I’d much rather look at a bird, and think, “Look, there goes a bird” than “Look, there goes our dinner”.

food, or animal?

I had been more or less vegetarian for the past four years or so (abstaining from meat, but not dairy). When I tell people I am vegetarian, they almost always ask if it’s due to religion (almost invariably that of Buddhism). When I tell them that I’m catholic (at least that’s what my legal documents say), and that my being vegetarian has nothing to do with my religion, their first reaction is that of surprise, followed quickly by traces of admiration.

As for people who know me long enough though — when the novelty of having a vegetarian acquaintance has worn off — that admiration turns to an indifference at best, and annoyance at worst: common foods that we all can enjoy are hard to find.

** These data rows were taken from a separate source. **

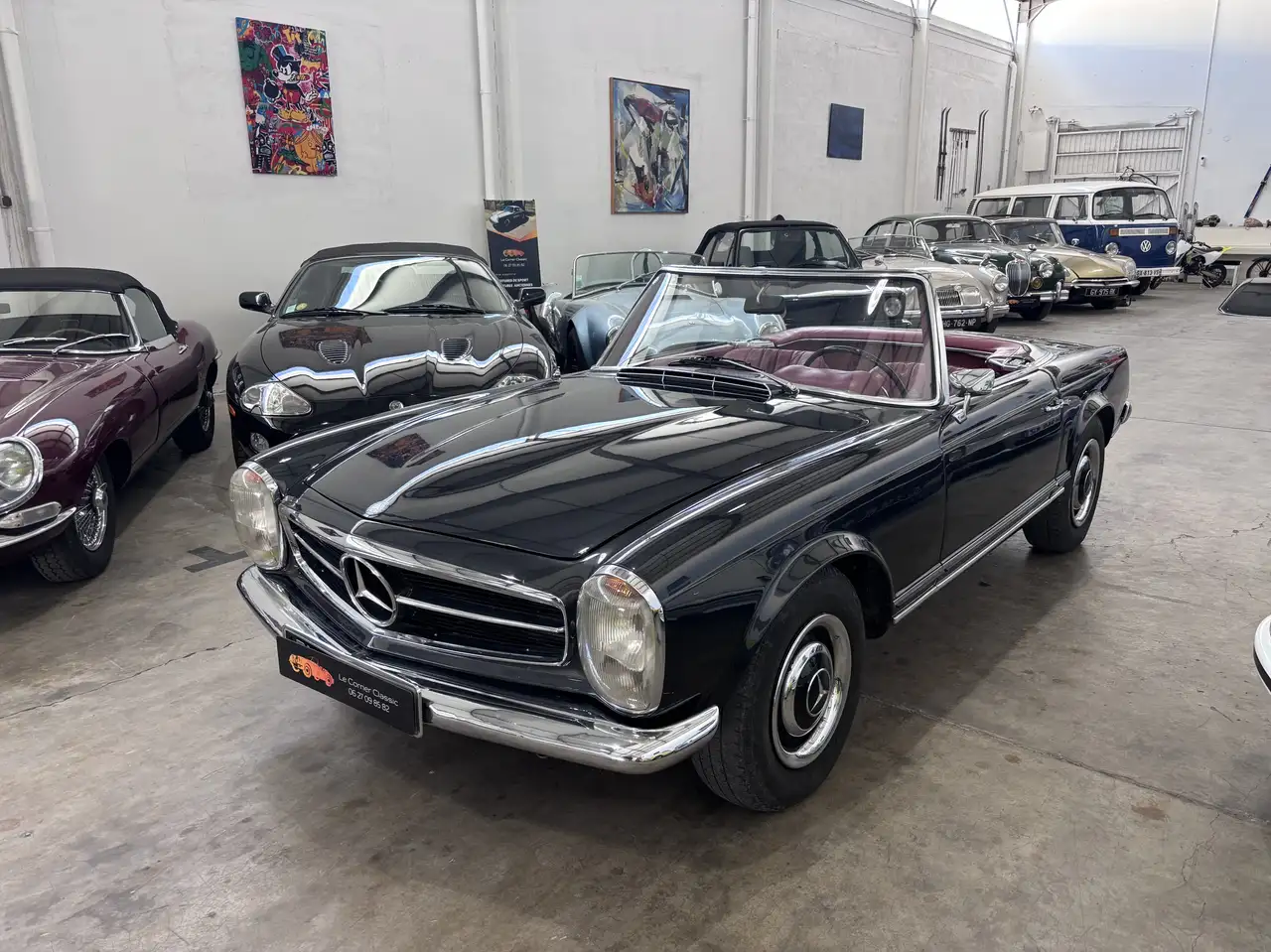 Mercedes-Benz SL 280 2 Hand Francaise, foto 10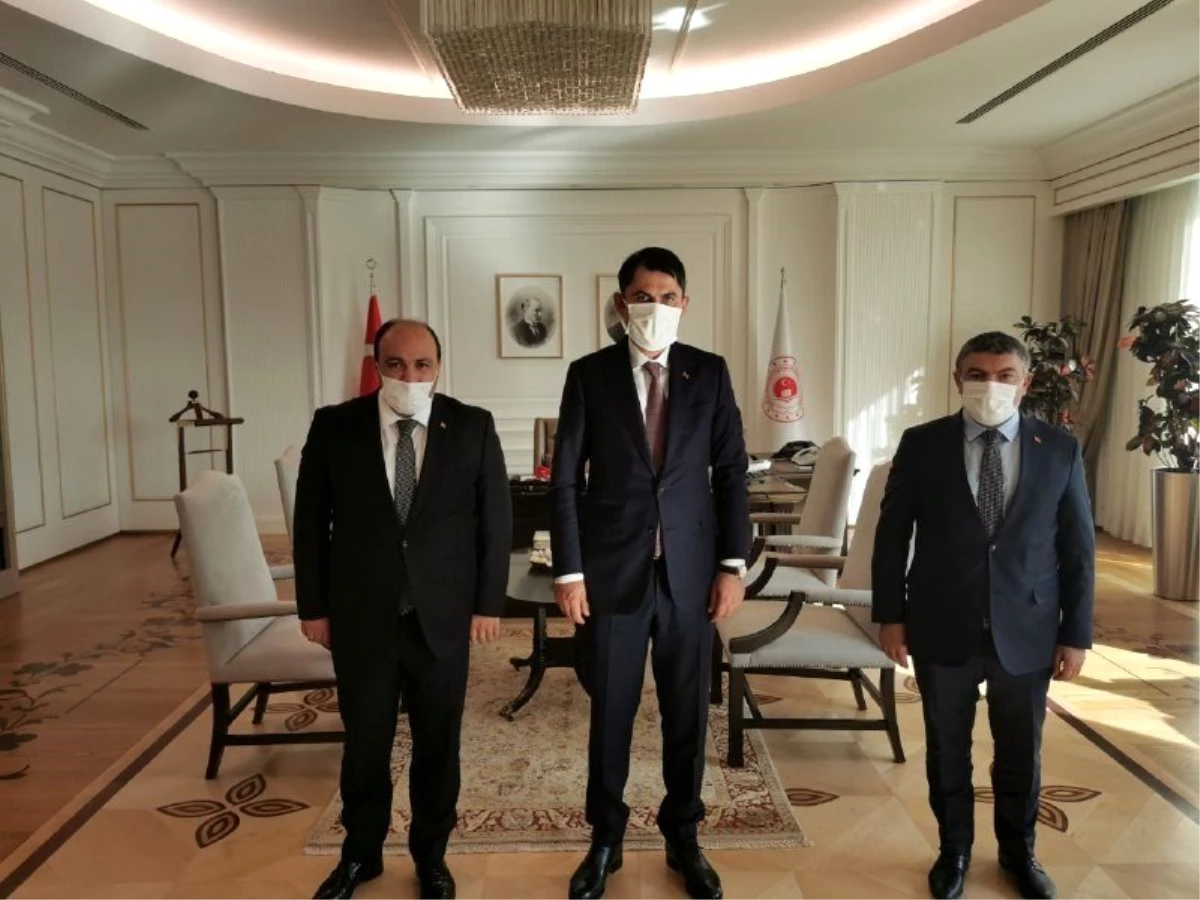 Başkan Şayir, Ankara\'dan müjdelerle döndü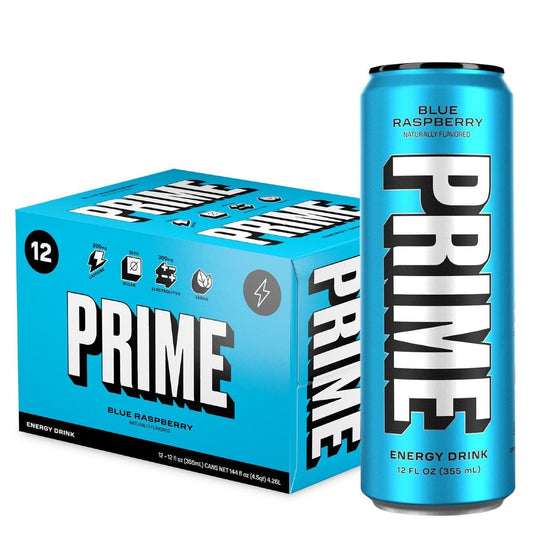 Prime Energy Drink -12 Cans case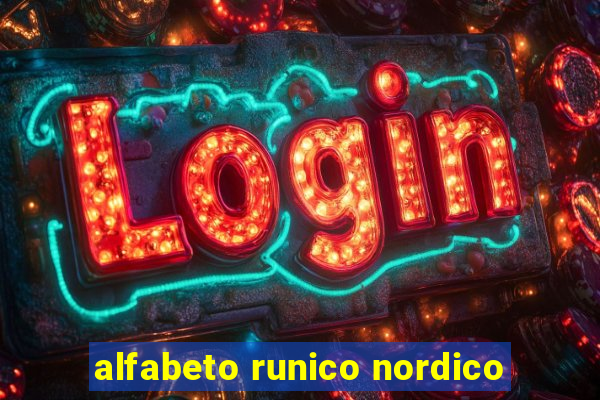 alfabeto runico nordico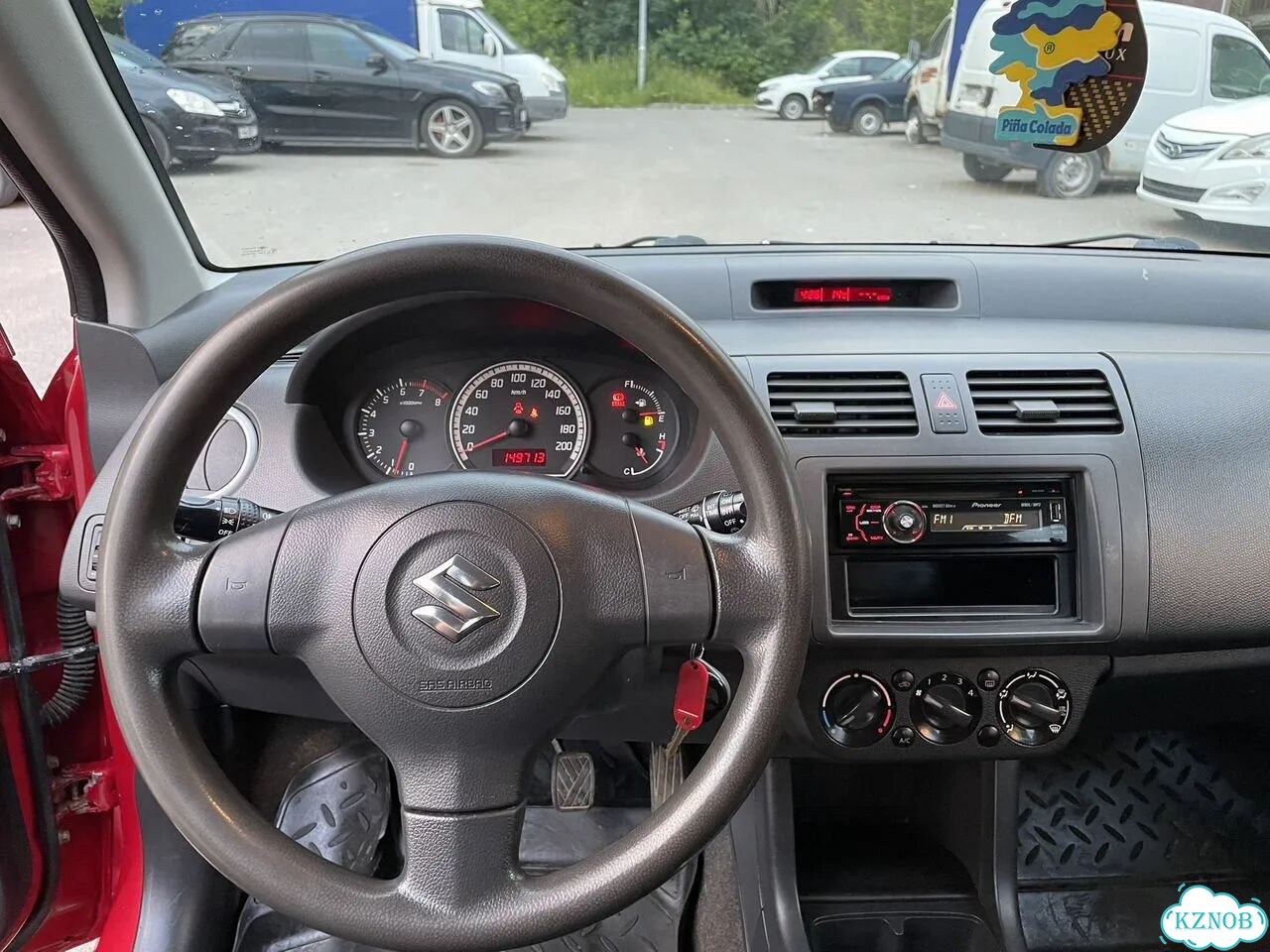Suzuki Swift 1.3 MT, 2008, 149 715 км фото 8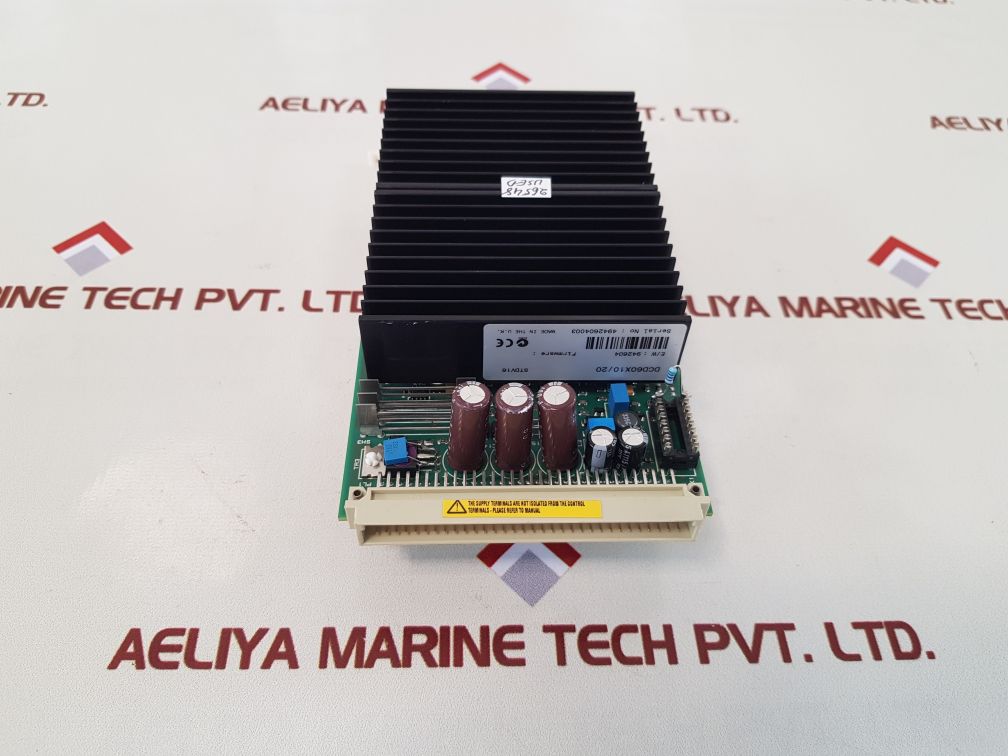 Control techniques dcd60x10/20 mini maestro drive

My vegetarianism however, is far from strict. I still take dishes where meat is present; for example, I take chicken soup, though not the chicken. When meat is present in a dish, I simply take it out, and eat what’s left. When I explain this to people I meet, they often remark, “oh, so you’re not a true vegetarian then”.

As a side note, the “they” I mentioned earlier refer almost entirely to peers around my age. Those older than me are more of, “ah, okay, so you can take [meat] then”.

In Taiwan, I ate Chicken

I would first like to declare that I ate chicken during my trip to Taiwan. Next, I would like to declare that I enjoyed it. My eating chicken created quite a hooha among my bunk mates — they’ve never let me off since.

But the fuss it kicked up was quite unlike what I had expected. It’s difficult for me to imagine how hard it is to accept that a “vegetarian” is suddenly eating meat. From my perspective, it seemed to natural that I couldn’t quite care less what I had eaten. To others however, it was quite a big deal.

Comments like “you sinner!” or “how could you?!” were commonplace the following days, and though mostly said in jest, they annoyed me somewhat. Just because I abstained from meat for a few years or so, does it make me any less of a person that I eat meat now? They may not have meant it like that, but it sure felt like that.

Of course, after a while, I got used to the jibing, and their remarks were starting to get on my nerves not because I felt them true, but because they were so repetitive it felt like I was watching re-runs of Sesame Street.

Who am I?

I guess I should have had seen it coming when I decided to take on the identity of “vegetarian”. I actually do not quite see myself as vegetarian, but more of “a person who strongly prefers to have a vegetarian diet”.

The thing is, the term “vegetarian” is shorter and thus easier to introduce myself by, and that the latter description is not only long, but ambiguous. Hosts and hostesses might be left pondering my diet, and having to make wild guesses on the meat-eater to vegan spectrum.

It is time, I think, that I dropped “vegetarian” when describing myself; the term “vegetable-lover” might be better suited to my cause.